The thread was a general question. Of course telling Eliud Kipchoge to run more, lose weight and run faster won’t work too. He is already body composition, volume and speed optimized. For people at that pointy end, the answers are more nuanced as is the advice for the women’a cross country team at your NCAA div 1 school.
But that is not 999/1000 or more in the general population. Even if you get on the start line in Boston with 35,000 people at least 34500 are not body composition optimized to run their fastest possible marathon (and that is Ok…there is more to life than being marathon lean)…I have been top 1000 in Boston and lots of people around who would be faster being leaner.
Sadly this is part of being fast. There is a tipping point for everyone where they also break. There is also a lot of messed up psychology that comes with trying to get fast at running but that’s another topic
Yea Paul yours an effective and reasonable plan …run a bunch and get optimally skinny. That is prolly the best advice one can receive . Oh and the other thing is to not get old. Old age seems to slow folks down.
I swam at 185lbs in college with just under 10% body fat. After swimming I raced bikes at 175 and still just under 10%. I was never a good climber but did fairly well in TT events. Started running and every 5 lbs weight (muscle and fat) I lost, I just got faster and faster. Got down to 155lbs and right at 5% body fat. I was running average 60miles a week with a high of 97 miles (always wanted to run a few 100mile weeks as that is what the big boys were running in the 1970s early 80s).

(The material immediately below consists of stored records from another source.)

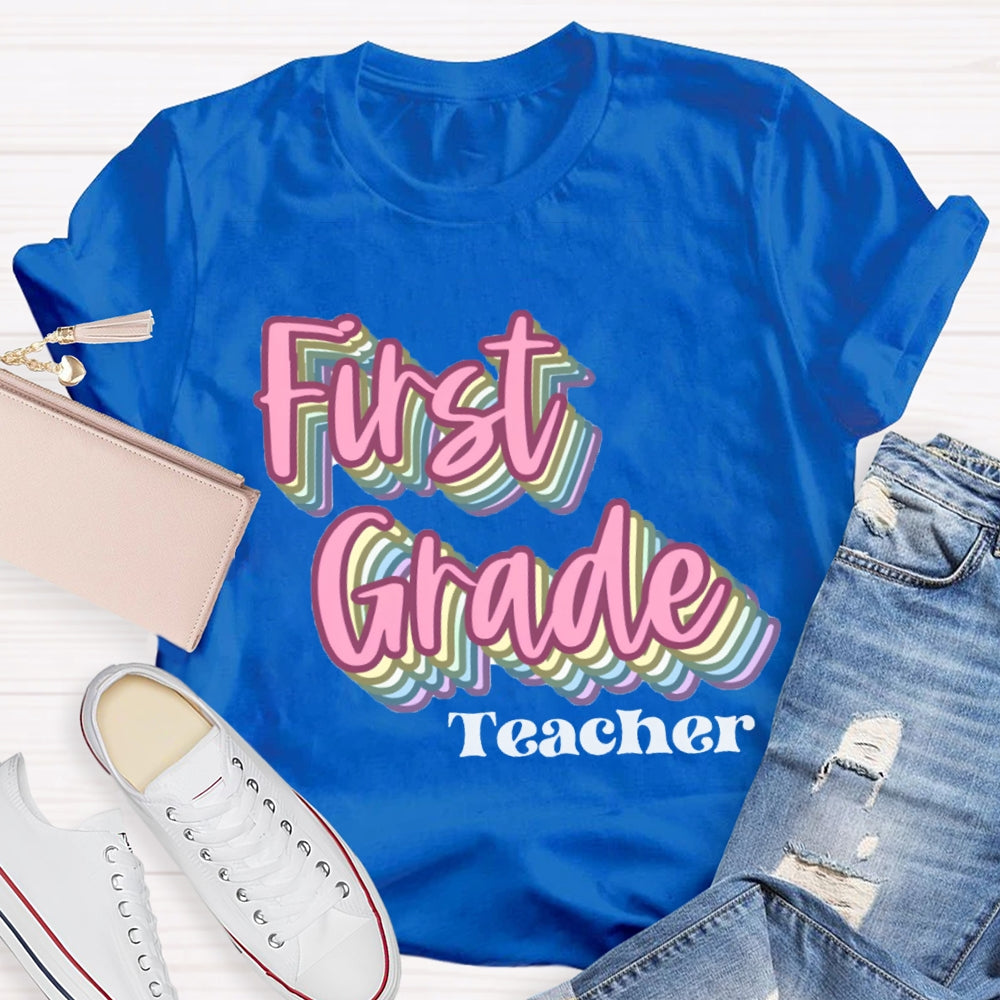 Personalized Grade First Grade Teacher Pink Overlay Printing T-shirt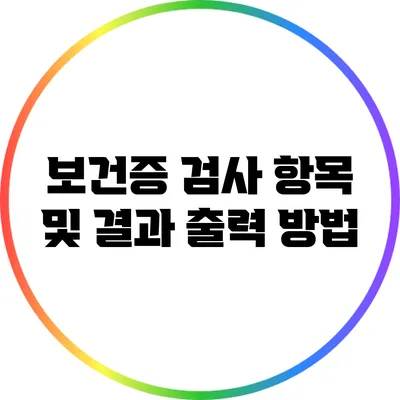 보건증 검사 항목 및 결과 출력 방법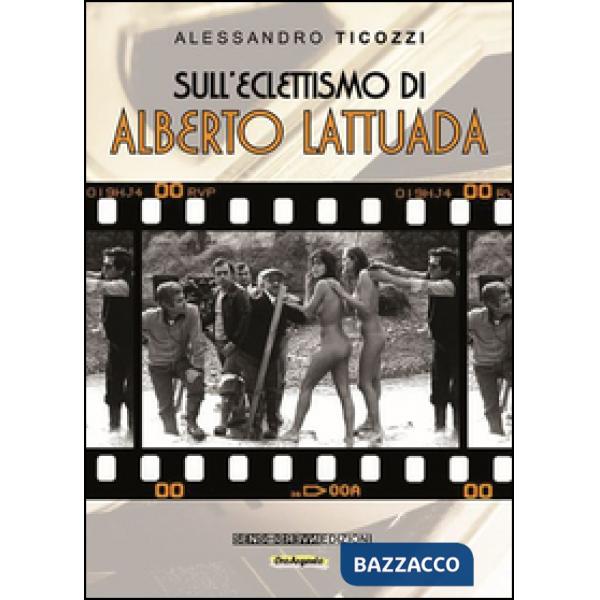 Sull'eclettismo di Alberto Lattuada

Never quite made it to the 100 miles but I was getting colds and flu about every other month. I cut back to 40 miles a week, let my body fat hover around 8%, weight in the low 160s and ran almost as fast without ever being sick. I know the numbers are correct as the body fats were hydrostatic weighings and cross checked with skin fold calipers in a University lab.
It is hard to get skinny and harder to stay that way. But if you are going to reach your ultimate run potential there better be some ribs showing.